Deploying Models to AWS SageMaker
Amazon launched AWS SageMaker, a machine learning service, in November 2017. Besides, it contains hundreds of built-in algorithms and pre-trained models from model hubs, including TensorFlow Hub, PyTorch Hub, HuggingFace, and MxNet GluonCV. Data Scientists are carrying out common machine learning tasks easily using SageMaker.
Generative AI has been catching up globally and is now the new focus of every business. Models need an advanced echo system. For example, a model needs the data for model training, model run time (AWS infra), model deployment (MLOps), and security at all levels.
MLOps plays an important role in the entire model lifecycle, like uniting data collection, preprocessing, modeling, evaluation, product deployment, and re-training into a unified process. MLOps evolved from DevOps principles and is particularly used for ML models’ lifecycles.

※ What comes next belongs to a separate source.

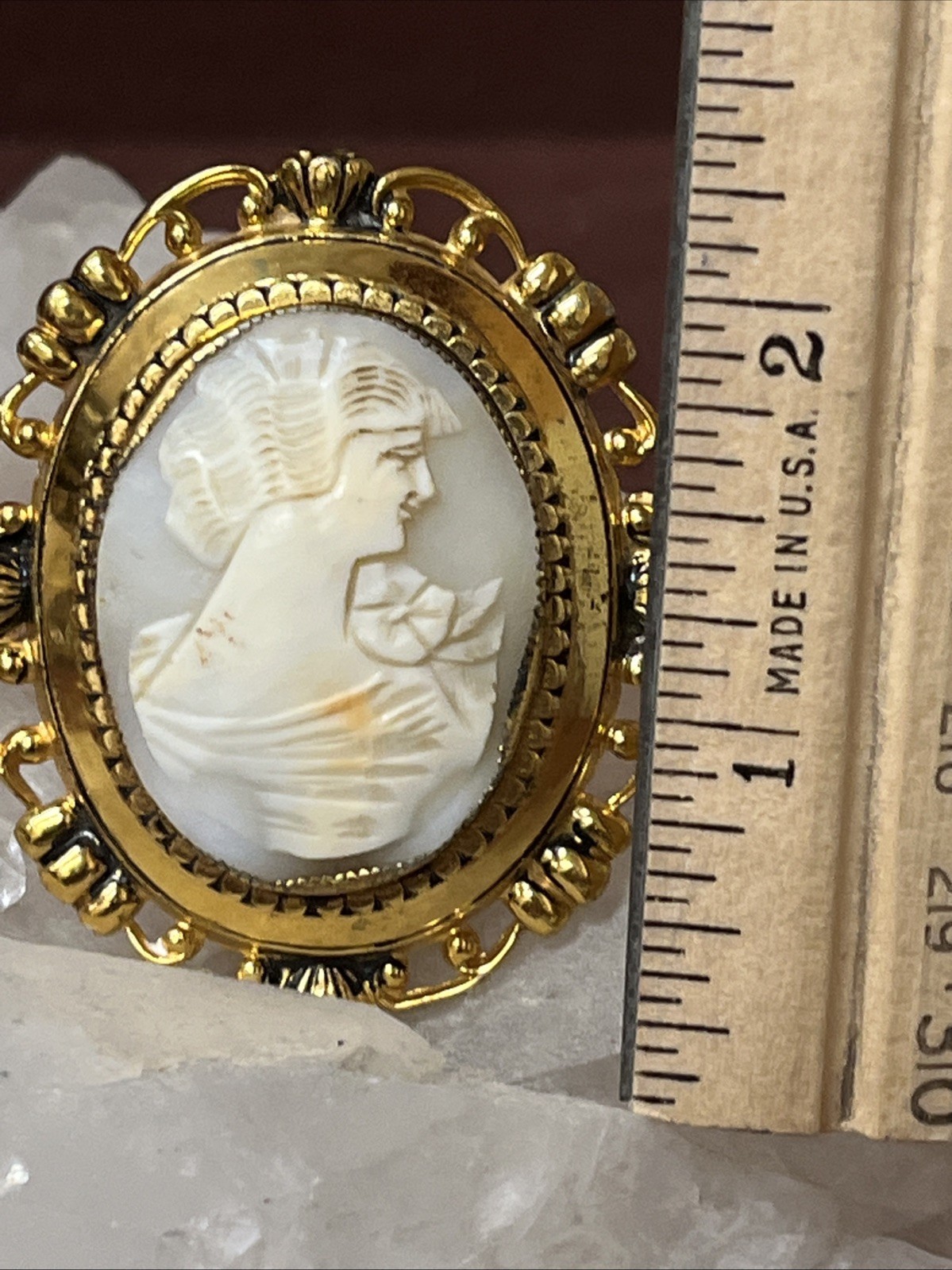 Vintage Carved Cameo Brooch Pin – Unmarked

MLOps uses MLFlow, an API interface, to integrate MLOps principles into a model’s lifecycle with minimal changes to existing code. With just a few lines of code introduced at a few places, it can follow all the segments relevant to the model. With MLFlow, you can stay highly organized with your experiments even if you don’t necessarily need the deployment capabilities to the cloud services.
MLFlow is a Free and Open-Source Software (FOSS) from Data Bricks.

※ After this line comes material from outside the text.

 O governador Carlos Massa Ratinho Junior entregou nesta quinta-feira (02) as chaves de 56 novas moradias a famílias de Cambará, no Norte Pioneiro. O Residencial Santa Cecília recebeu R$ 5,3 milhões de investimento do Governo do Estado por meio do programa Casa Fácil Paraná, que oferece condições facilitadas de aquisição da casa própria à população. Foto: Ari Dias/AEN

An organization must implement the operationalization of MLFlow models using AWS SageMaker. It includes a series of activities: upload runs to S3 storage, build & push an MLFlow Docker container image, deploy a model, query it, update it once it is deployed, and remove a deployed model.

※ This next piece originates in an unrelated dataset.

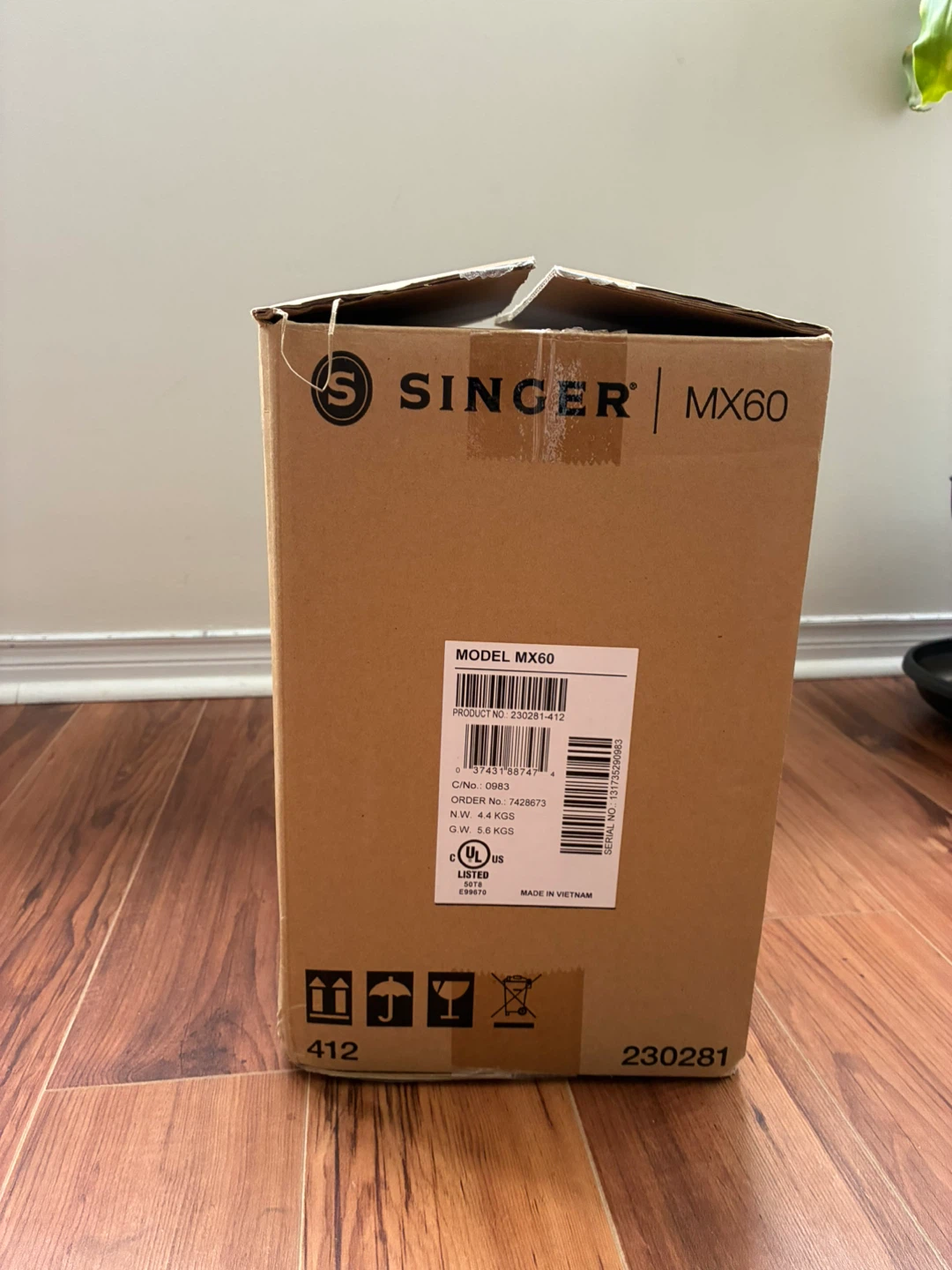 Singer MX60 Sewing Machine with Foot Pedal - photo 2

Before running, MLFlow needs to fulfill a few AWS pre-requisites:
1. AWS CLI is set up and ready to use.
2. AWS IAM credentials are set up to use.
3. AWS IAM role set up for SageMaker to read/write from S3.
4. Docker run time is installed and ready to use.
The Model deployment requires:
· Configuring AWS: Setting up the S3 bucket to hold the mlruns in a folder. The SageMaker can refer to the mlruns in S3 using Step Functions or Lambdas to create a docker image and push it to ECR.
· Deploying a model to AWS SageMaker: The MLflow on SageMaker can pull the image from ECR and run it on the ECS. SageMaker maintains its own dedicated ECR and ECS.
· Making predictions: Now, the model runs in SageMaker.
· Switching models: Using MLFlow, we can switch models (either the same type of model, another version, or entirely a different model).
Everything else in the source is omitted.